C’est à l’employeur d’indiquer ces éléments dans les informations transmises à l’administration. Les salariés, quant à eux, devront vérifier ces informations sur les déclarations pré-remplies au moment de déclarer leurs revenus.
Ces allocations forfaitaires sont exonérées dans la limite de 2,5 € par jour de télétravail à domicile. Le Ministère précise de plus que l’allocation sera présumée exonérée dans la limite annuelle de 550 € pour l’année 2020. Ce montant atteint 580 € pour l’année 2021.

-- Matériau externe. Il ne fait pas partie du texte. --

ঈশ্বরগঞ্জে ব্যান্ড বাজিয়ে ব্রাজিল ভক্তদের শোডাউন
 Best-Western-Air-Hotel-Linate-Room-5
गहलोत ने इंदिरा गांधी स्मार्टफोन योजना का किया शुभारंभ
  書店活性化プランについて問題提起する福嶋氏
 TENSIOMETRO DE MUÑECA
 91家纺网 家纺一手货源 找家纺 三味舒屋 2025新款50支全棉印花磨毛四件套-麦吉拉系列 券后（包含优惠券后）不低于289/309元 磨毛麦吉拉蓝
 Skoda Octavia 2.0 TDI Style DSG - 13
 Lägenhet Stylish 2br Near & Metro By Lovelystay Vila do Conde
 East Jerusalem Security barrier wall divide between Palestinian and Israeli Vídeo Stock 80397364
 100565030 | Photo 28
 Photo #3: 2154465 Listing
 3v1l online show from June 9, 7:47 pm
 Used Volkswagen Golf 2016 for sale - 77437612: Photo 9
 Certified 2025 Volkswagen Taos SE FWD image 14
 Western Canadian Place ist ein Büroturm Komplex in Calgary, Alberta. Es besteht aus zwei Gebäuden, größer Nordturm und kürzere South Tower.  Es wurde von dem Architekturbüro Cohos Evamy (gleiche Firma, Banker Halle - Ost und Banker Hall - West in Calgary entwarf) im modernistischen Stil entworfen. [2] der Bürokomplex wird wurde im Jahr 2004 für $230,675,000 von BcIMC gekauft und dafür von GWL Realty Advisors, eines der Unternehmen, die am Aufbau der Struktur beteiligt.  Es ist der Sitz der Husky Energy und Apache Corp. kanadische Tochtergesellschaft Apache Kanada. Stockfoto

Pour les salariés ayant opté pour la déduction des frais professionnels “au réel”, les frais engagés au titre du télétravail à domicile pourront se déduire dans la même limite. Cependant, si cela lui est plus favorable, le contribuable pourra les déduire pour leur montant exact. Les modalités de ces mesures seront disponibles prochainement sur le site www.impots.gouv.fr
Attention, il s’agit exclusivement des frais professionnels engagés au titre du télétravail à domicile. Les frais de trajet domicile travail et les frais de restauration ne sont pas concernés.